Quite right. I have spent a lot of time looking at historical-critical scholarship, and the narrative approach is new to me. I do want to understand it and see what possibilities it opens up. Thanks for contributing a narrative perspective to the dialogue. My apologies if I wasn't sufficiently open to it, in the context of the Childs v. Brueggemann discussion.

I do intend to follow up on those resources you recommended to me.

I realize that you probably didn’t do a close reading of Ecclesiastes for this post but it seems that you (and for all I know Brueggemann as well) take one or two relatively UNorthodox verses and use them as a prism through which to regard the rest of the book as subversive. … What I’m trying to show is that Qohelet himself finds resolution at the end of his quest (12:1-7), that is his struggle ends in a profession of faith.

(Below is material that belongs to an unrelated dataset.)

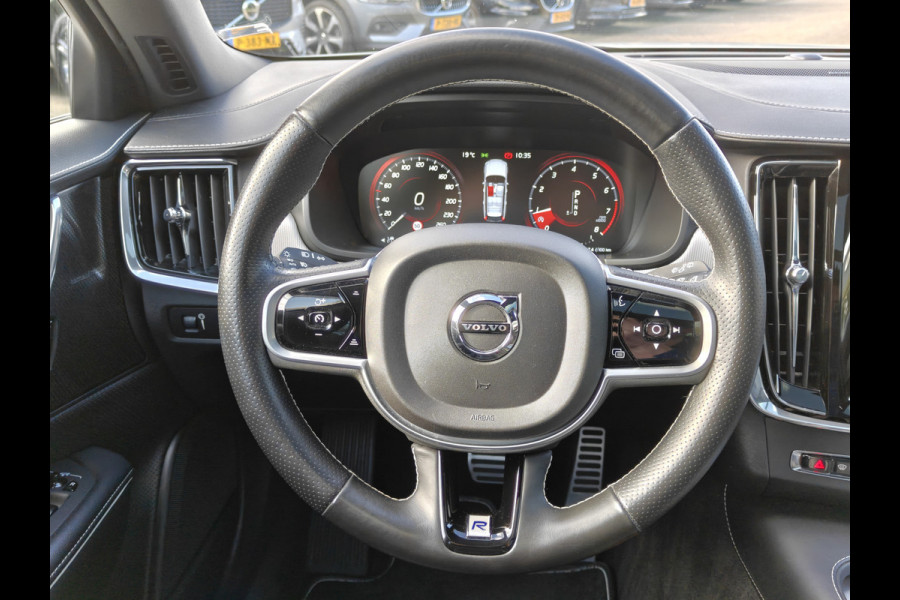 Volvo V90 T4 210PK Business Sport | BLIS | Polestar | HUD | PDC V+A | ACC | Carplay | H&K | Camera achter | Schuif/kantel dak |
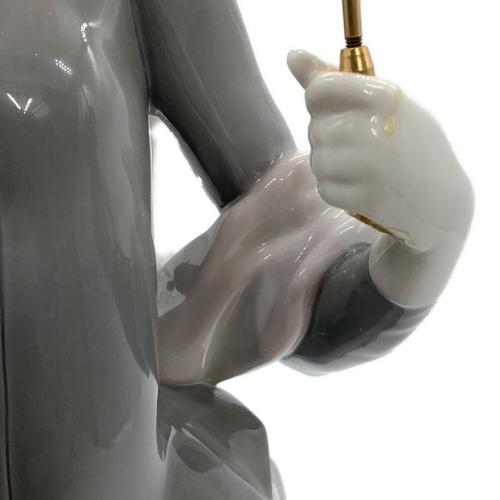 LLADRO (リヤドロ) フィギュリン 「ショールの貴婦人」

You're right, I didn't do a close reading of Ecclesiastes as part of my preparation for this post. But let's quote the text you refer to in full. And let's include verse 8:

Remember also your Creator in the days of your youth, before the evil days come and the years draw near of which you will say, "I have no pleasure in them"; before the sun and the light and the moon and the stars are darkened and the clouds return after the rain, in the day when the keepers of the house tremble, and the strong men are bent, and the grinders cease because they are few, and those who look through the windows are dimmed, and the doors on the street are shut—when the sound of the grinding is low, and one rises up at the sound of a bird, and all the daughters of song are brought low — they are afraid also of what is high, and terrors are in the way; the almond tree blossoms, the grasshopper drags itself along, and desire fails, because man is going to his eternal home, and the mourners go about the streets — before the silver cord is snapped, or the golden bowl is broken, or the pitcher is shattered at the fountain, or the wheel broken at the cistern, and the dust returns to the earth as it was, and the spirit returns to God who gave it. Vanity of vanities, says the Preacher; all is vanity.

What sort of resolution is this? The Preacher returns, once more, to his mantra: all is vanity. And the tone of these verses! As Brueggemann observes (of the book considered as a whole),

"This testimony cannot be taken apart from its context and the tone in which it is cast. For all of these rather stereotypical affirmations about Yahweh, the whole of life at best is mystifying and enigmatic. At most, it is a bewilderment, a tribulation, and vanity." (Theology of the Old Testament, p. 395)

In my view, that's a defensible judgement.

One could argue that Qohelet regrets the error of not remembering his creator in his youth. But the orthodox affirmation constitutes one third of one verse! It is followed by a sustained passage that drips regret and resignation. And the text climaxes in the familiar refrain, "vanity of vanities". So does this passage really constitute a breakthrough in Qohelet's perspective?

I haven't dug very deep into this text, so I don't want to take a dogmatic position. I'm just saying, the surface appearance of the book supports Brueggemann's judgement: that the orthodox affirmations of the book are "rather stereotypical", while the general tone of the book is one of resignation and futility. It takes some effort to read the book any other way.

• Phil:
I'm content to give you the last word. I acknowledge that I haven't adequately addressed at least one of the important issues that you have raised.

I'm disappointed, however, by the ultimate retreat to Childs's other books. I had hoped we could discuss what Childs says in his critique of Brueggemann. You haven't answered my question:

If Childs is not guilty of homogenizing the texts, then what is the meaning of his criticism of Brueggeman? (i.e., that Brueggemann fails to respect the judgement that Israel's editors have passed on the book of Ecclesiastes.) Evidentally Childs accepts the judgement of the editors, which necessitates that he reads Ecclesiastes through the prism of orthodoxy.

But let it pass. No doubt we will take up these issues again, in another context. Perhaps in response to your blog post. And I'm planning a post on Childs's commentary on Exodus.